Sunday, January 19, 2014

Praying "Collects" privately and making your own.

http://allpurposeguru.hubpages.com/hub/The-Collect-as-informal-even-personal-prayer

Clearly the Collect is intended for use in the most formal of settings. That does not mean that the formal Collects in prayer books can't be used as models for less formal times of prayer.

In the introduction to his Are You Running with Me, Jesus? Episcopal priest Malcolm Boyd mentioned a man whose son had died. His distress and agony were compounded when he wanted to pray and "did not know the words of a single prayer." 



--This also was my experience when our son died in a car accident, not that long ago.  It becomes very difficult for anyone to know what to say, or think, or pray.  It is also very easy for individuals or families to fall completely apart.  It is really a very deep distress that tears at the fabric of everything.

Then we found that we did very well to keep to our devotional schedule and at the time the Treasury of Daily Prayer was issued by Concordia Publishing House, in which are found many beautiful prayers and excerpts of books and sermons, together with the Bible readings.  Onto this we hung what remained of our lives.  


All the Collects in The Book of Common Prayer are ancient prayers, and I have copied the modernized version. It's still more formal than anybody ever speaks conversationally, and I would never attempt to ape that style in my own prayers. 

Besides being easy to remember, though, the chief virtue of the form is that it forces me to place whatever I ask for in the context of God's grace rather than my own desires. If fact, if I cannot express a desire in the form of a Collect, I have to suspect that I need to meditate very specifically on how "not my will but yours" applies to the issue.
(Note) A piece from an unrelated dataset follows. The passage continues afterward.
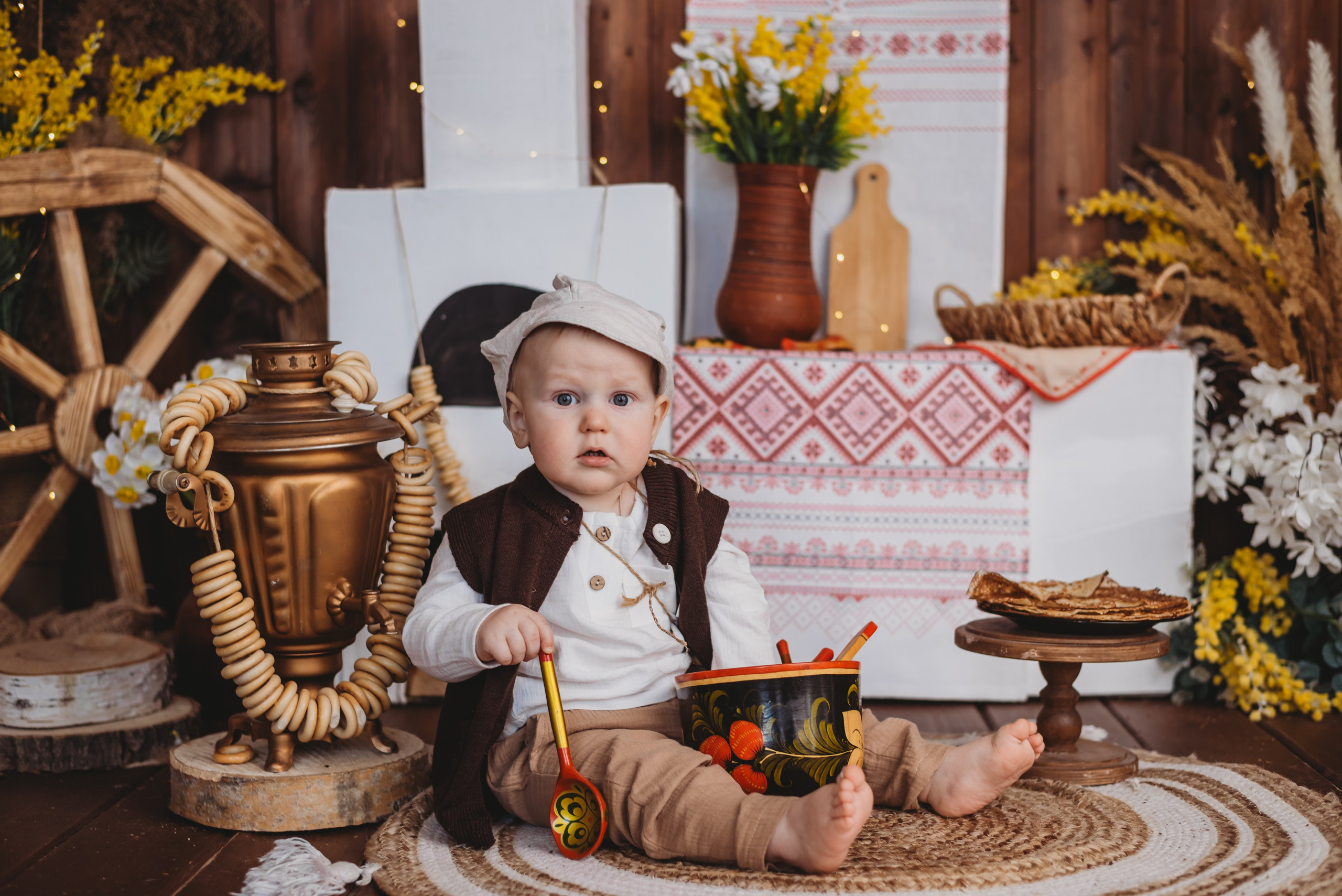Годик. Фотограф новорожденных во Владимире Анастасия Воробьева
In that way, what first seemed like a good way to structure public prayers became a means of evaluating to what extent my own desires.


--This is an important thought.  Our own desires are not the primary thing in our prayers.  They belong there, no doubt, but they are not primary.  This is the only way to live with faith and hope in the light of tragedy.  Even with joy.  

The author suggests writing your own collects and gives an example.  This would be an interesting exercise.